TASK BRIEF :: Give again exactly, and only, the lines between the line holding "Soldado peidando" and the end of the listing, both boundary lines included.

LISTED ENTRIES ::
━━━━━━━━━━━━━━━━

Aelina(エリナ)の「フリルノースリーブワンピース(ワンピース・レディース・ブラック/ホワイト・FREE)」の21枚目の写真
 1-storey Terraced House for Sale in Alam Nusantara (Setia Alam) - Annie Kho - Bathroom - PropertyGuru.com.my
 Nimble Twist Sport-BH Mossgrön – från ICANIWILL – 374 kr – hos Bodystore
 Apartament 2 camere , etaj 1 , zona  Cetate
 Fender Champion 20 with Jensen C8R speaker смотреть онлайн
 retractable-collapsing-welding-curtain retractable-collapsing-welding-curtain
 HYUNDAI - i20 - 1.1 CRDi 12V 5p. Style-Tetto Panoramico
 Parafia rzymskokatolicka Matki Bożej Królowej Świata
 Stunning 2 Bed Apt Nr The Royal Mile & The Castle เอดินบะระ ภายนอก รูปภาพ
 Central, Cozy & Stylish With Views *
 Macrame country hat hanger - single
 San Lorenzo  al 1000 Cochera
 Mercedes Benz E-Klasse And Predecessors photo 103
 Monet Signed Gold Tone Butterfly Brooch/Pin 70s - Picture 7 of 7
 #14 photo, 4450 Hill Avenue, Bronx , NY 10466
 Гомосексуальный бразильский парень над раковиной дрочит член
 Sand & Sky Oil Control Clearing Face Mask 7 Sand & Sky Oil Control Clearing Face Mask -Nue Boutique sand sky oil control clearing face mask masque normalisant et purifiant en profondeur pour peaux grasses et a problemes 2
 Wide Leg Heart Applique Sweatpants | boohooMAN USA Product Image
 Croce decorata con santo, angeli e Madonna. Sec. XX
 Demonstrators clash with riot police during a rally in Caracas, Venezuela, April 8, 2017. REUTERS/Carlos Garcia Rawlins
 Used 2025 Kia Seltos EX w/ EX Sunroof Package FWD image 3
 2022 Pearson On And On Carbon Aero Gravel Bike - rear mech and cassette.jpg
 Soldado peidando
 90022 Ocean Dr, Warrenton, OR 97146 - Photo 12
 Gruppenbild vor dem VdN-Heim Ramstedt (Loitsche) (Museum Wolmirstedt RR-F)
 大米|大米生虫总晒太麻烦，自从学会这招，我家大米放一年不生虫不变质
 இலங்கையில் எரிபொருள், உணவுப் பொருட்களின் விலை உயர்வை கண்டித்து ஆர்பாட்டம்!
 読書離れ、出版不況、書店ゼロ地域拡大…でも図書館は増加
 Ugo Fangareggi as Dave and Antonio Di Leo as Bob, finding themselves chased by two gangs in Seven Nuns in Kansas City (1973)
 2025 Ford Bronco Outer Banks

━━━━━━━━━━━━━━━━

COMPLETED EXERCISE ::
 Soldado peidando
 90022 Ocean Dr, Warrenton, OR 97146 - Photo 12
 Gruppenbild vor dem VdN-Heim Ramstedt (Loitsche) (Museum Wolmirstedt RR-F)
 大米|大米生虫总晒太麻烦，自从学会这招，我家大米放一年不生虫不变质
 இலங்கையில் எரிபொருள், உணவுப் பொருட்களின் விலை உயர்வை கண்டித்து ஆர்பாட்டம்!
 読書離れ、出版不況、書店ゼロ地域拡大…でも図書館は増加
 Ugo Fangareggi as Dave and Antonio Di Leo as Bob, finding themselves chased by two gangs in Seven Nuns in Kansas City (1973)
 2025 Ford Bronco Outer Banks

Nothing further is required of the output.